Nel frattempo ci perdiamo lo spettacolo e riusciamo a non far caso ad un particolare evidente: la squadra italiana più stimata nel mondo, con un finale di Champions League e una di Coppa del Mondo negli ultimi due anni, è proprio quella degli arbitri. Quella che dopo lo scandalo del 2006 ha cambiato tutto, mandando a casa anche i presunti colpevoli. Ad accusarla di mediocrità sono bravi presidenti ma uomini mediocri come Preziosi. Il suo Genoa è un gioiello sportivo. Non solo per quello che esprime in campo, ma anche per quel settore giovanile che tanti talenti ha messo in luce negli ultimi anni. Ma non possiamo dimenticare che a parlare di scandali è l’uomo beccato con una valigetta di soldi con i quali il suo Genoa comprò la disponibilità del Venezia a perdere l’ultima partita del campionato per far volare il Grifone in A. Preziosi non può associare l’AS Roma a Mafia Capitale offendendo una città intera. Non è una questione calcistica, la sua dichiarazione è socialmente pericolosa in questo contesto di instabilità economica e, appunto, sociale.

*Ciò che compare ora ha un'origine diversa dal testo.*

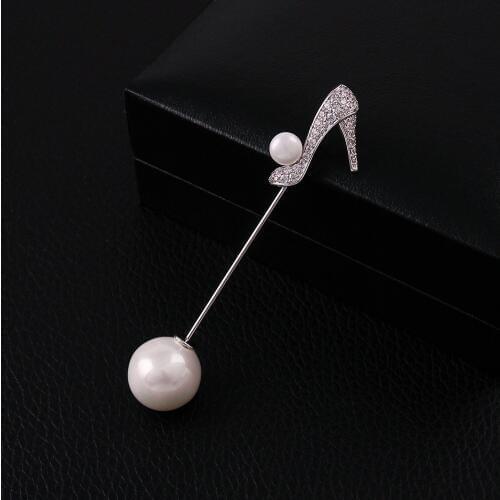 New CZ pearl high-heeled lady shoe design cardigan bar buckle pin brooch jewelry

Così come sono pericolose le parole di Taormina all’indomani di quel ormai famoso Juventus – Roma. Il mitra da puntare contro Rocchi è una vergogna di proporzioni epiche. Così come vergognosa è la presa di posizione, da asilo nido, di due direttori di giornale: Paolo De Paola del Corriere dello Sport e Vittorio Oreggia di Tuttosport. Credo che i due si siano dimenticati di essere direttori di due quotidiani nazionali e non dei giornalini della curva sud. Il loro atteggiamento è puerile, e mi spiace che anche una tv come Sky, in Director Box di Fox Sport, si presti a questo conto della serva in cui, per vendere due copie in più, ci si rinfacciano presunti (perché di presunti si tratta) errori arbitrali. “Noi dovremmo avere tre punti in più” dice De Paola”. “Ricordatevi Sassuolo e Genoa” risponde Oreggia. Come se non bastasse i due ci deliziano anche su Twitter, a colpi di refusi. Che giornalismo di bassa lega, dico io. Eccola, la dimensione provinciale del nostro calcio. Quello che in Europa fa figuracce e che si aggrappa ai centimetri di un piede in fuorigioco.

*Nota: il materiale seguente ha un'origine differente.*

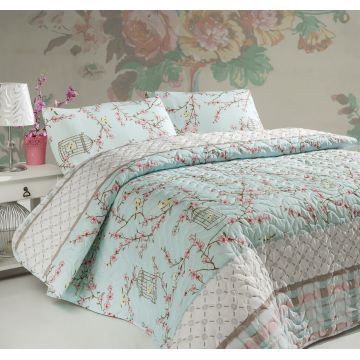 Set cuvertura matlasata Single 160x220 cm, 2 piese, Birdcage - Turquoise, Eponj Home, 70% bumbac / 30% poliester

E allora le partite del CUS Avellino diventano più appassionanti di quelle delle Juve e i gol di Titti Dolce più visualizzati di quelli di Totti. Il successo di pagine come “Calciatori Brutti” si spiegano anche così: la gente è stufa di questi teatrini, vuole vedere il calcio vero, un calcio fatto anche di errori arbitrali e di litigi, ma sani. È questa la mia speranza. De Paola e Oreggia, ma anche gli altri direttori, dovrebbero occuparsi di questo dato, anziché fare la conta dei rigori che mancano per vincere il campionato. Perché questo baraccone non può andare avanti in questo modo. Citando Francesca Serafini e il suo “Di calcio non si parla” direi che “Non è il calcio ad essere cambiato. È l’Italia a essere cambiata“. Questa è un’Italia più stanca, stressata, un paese che ha perso la fiducia, l’ambizione e la voglia di emergere. Allora, se proprio dobbiamo cambiare gli interpreti cambiamo anche i modelli di business e giornalisti. Perché non possiamo ricercare una dimensione europea con una cultura d’informazione così provinciale.